**INSTRUCTIONS FOR THE TASK:** Please repeat word for word the line containing "Room Rent Near" and every following line up to and including the last one below, pictures excluded.

======== RECORDS SHOWN

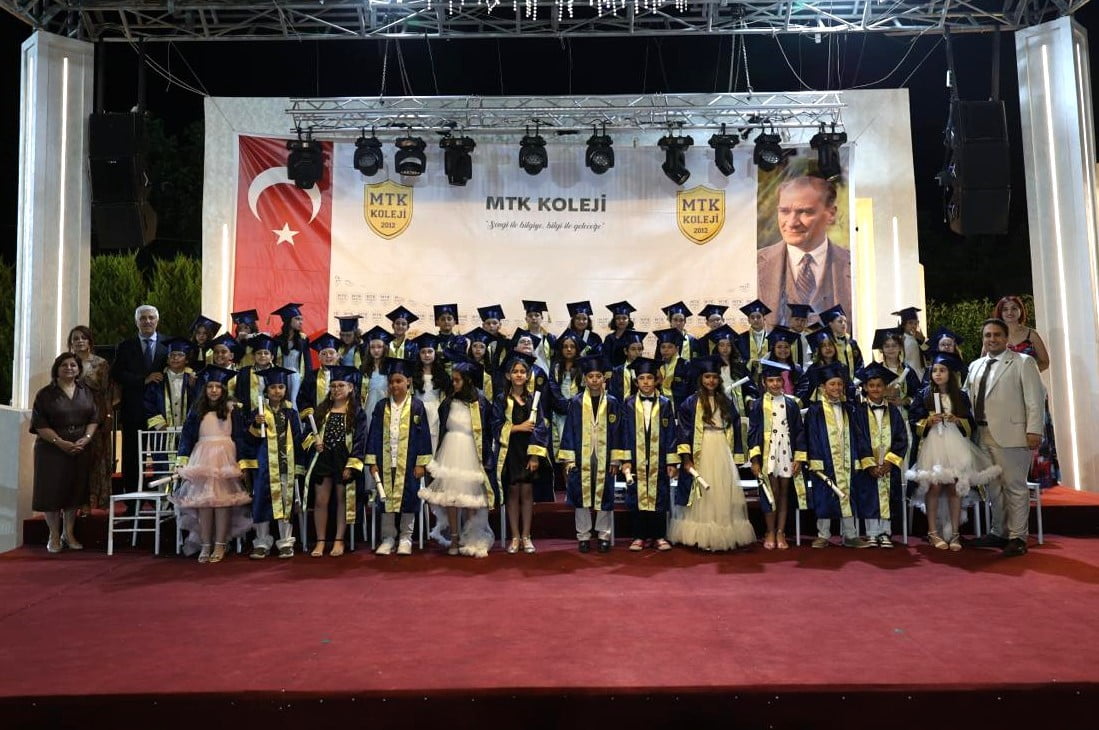 MTK KOLEJİ’NDE HEM MEZUNİYET HEM KARNE HEYECANI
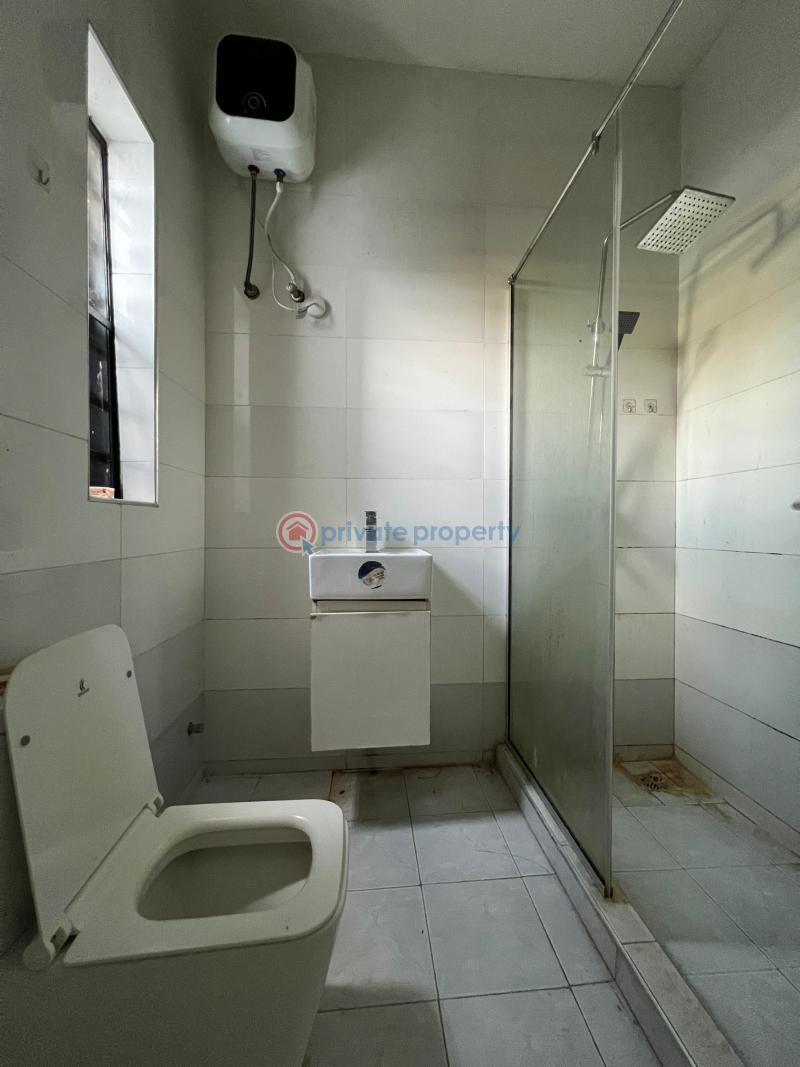 2 bedroom Flat & Apartment For Rent Lekki Scheme 2,abraham Adesanya Lekki Scheme 2 Ajah Lagos - 3
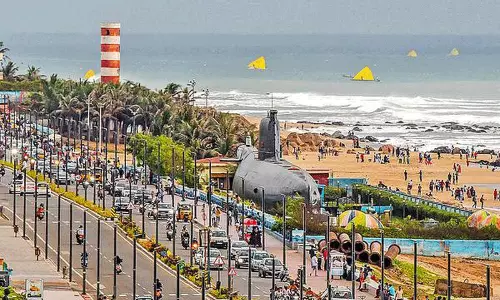 విశాఖ భూ భాగోతం పైన కూటమి సీరియస్ యాక్షన్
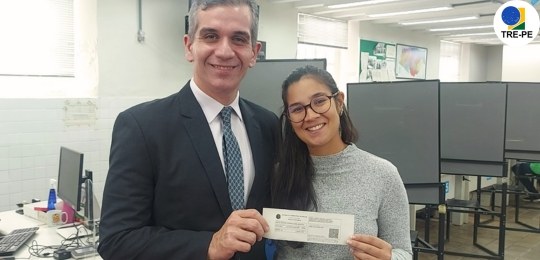 Eleitora realiza sonho de registrar a múltipla filiação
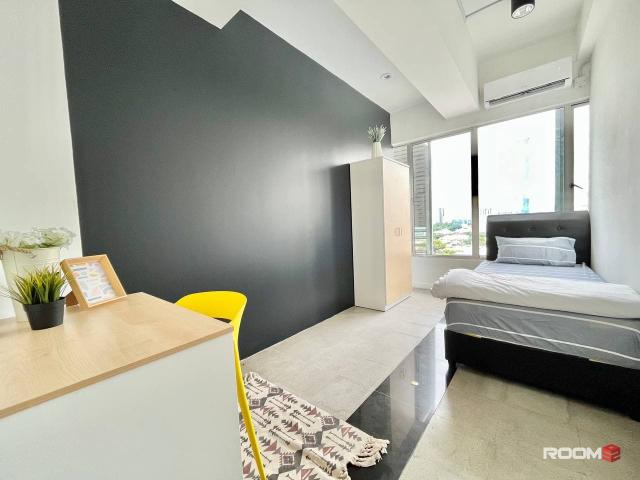 Room Rent Near LRT Room Rent At Townhouse Style Condo ! Near Metro Mall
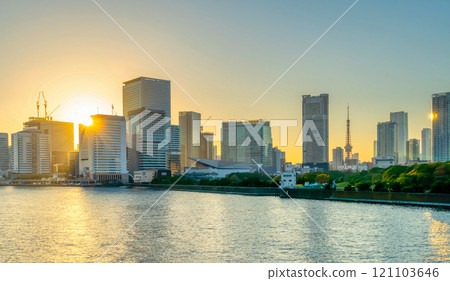 東京摩天大樓的日落 121103646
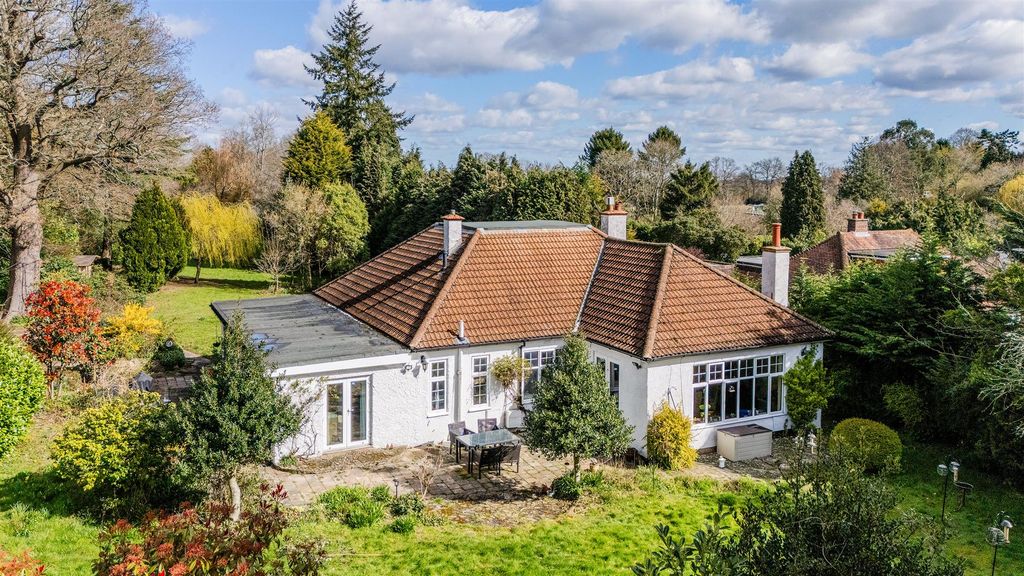 Property photo 1 of 29 Margery Lane, Lavington Drone  (1).Jpg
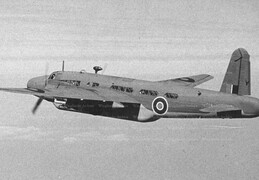 HG227 Vickers Armstrong Warwick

================

**SOLUTION TO THIS PROBLEM:**
 Room Rent Near LRT Room Rent At Townhouse Style Condo ! Near Metro Mall
 東京摩天大樓的日落 121103646
 Property photo 1 of 29 Margery Lane, Lavington Drone  (1).Jpg
 HG227 Vickers Armstrong Warwick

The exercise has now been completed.